▶ Your goal
No record may be left out; print them all verbatim.

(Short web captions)

▼

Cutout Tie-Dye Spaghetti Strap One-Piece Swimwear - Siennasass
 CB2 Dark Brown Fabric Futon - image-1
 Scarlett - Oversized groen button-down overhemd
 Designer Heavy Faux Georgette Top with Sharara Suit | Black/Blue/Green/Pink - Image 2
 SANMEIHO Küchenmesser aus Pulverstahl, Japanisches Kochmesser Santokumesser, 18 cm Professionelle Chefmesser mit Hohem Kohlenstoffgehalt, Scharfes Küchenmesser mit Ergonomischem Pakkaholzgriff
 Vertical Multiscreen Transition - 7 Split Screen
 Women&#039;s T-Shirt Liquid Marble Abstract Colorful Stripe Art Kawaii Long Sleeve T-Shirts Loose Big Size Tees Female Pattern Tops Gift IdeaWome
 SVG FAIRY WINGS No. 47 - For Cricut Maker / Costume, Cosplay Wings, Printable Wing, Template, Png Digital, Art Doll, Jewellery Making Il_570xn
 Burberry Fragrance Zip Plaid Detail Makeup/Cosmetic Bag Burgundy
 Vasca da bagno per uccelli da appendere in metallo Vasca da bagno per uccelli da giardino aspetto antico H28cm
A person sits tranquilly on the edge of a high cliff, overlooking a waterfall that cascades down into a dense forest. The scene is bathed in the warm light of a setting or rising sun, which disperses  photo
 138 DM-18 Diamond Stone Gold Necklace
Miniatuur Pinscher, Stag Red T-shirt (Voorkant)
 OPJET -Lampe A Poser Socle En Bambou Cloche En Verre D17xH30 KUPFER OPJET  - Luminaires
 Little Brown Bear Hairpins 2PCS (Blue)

▲

▶ Output for this task
Cutout Tie-Dye Spaghetti Strap One-Piece Swimwear - Siennasass
 CB2 Dark Brown Fabric Futon - image-1
 Scarlett - Oversized groen button-down overhemd
 Designer Heavy Faux Georgette Top with Sharara Suit | Black/Blue/Green/Pink - Image 2
 SANMEIHO Küchenmesser aus Pulverstahl, Japanisches Kochmesser Santokumesser, 18 cm Professionelle Chefmesser mit Hohem Kohlenstoffgehalt, Scharfes Küchenmesser mit Ergonomischem Pakkaholzgriff
 Vertical Multiscreen Transition - 7 Split Screen
 Women&#039;s T-Shirt Liquid Marble Abstract Colorful Stripe Art Kawaii Long Sleeve T-Shirts Loose Big Size Tees Female Pattern Tops Gift IdeaWome
 SVG FAIRY WINGS No. 47 - For Cricut Maker / Costume, Cosplay Wings, Printable Wing, Template, Png Digital, Art Doll, Jewellery Making Il_570xn
 Burberry Fragrance Zip Plaid Detail Makeup/Cosmetic Bag Burgundy
 Vasca da bagno per uccelli da appendere in metallo Vasca da bagno per uccelli da giardino aspetto antico H28cm
A person sits tranquilly on the edge of a high cliff, overlooking a waterfall that cascades down into a dense forest. The scene is bathed in the warm light of a setting or rising sun, which disperses  photo
 138 DM-18 Diamond Stone Gold Necklace
Miniatuur Pinscher, Stag Red T-shirt (Voorkant)
 OPJET -Lampe A Poser Socle En Bambou Cloche En Verre D17xH30 KUPFER OPJET  - Luminaires
 Little Brown Bear Hairpins 2PCS (Blue)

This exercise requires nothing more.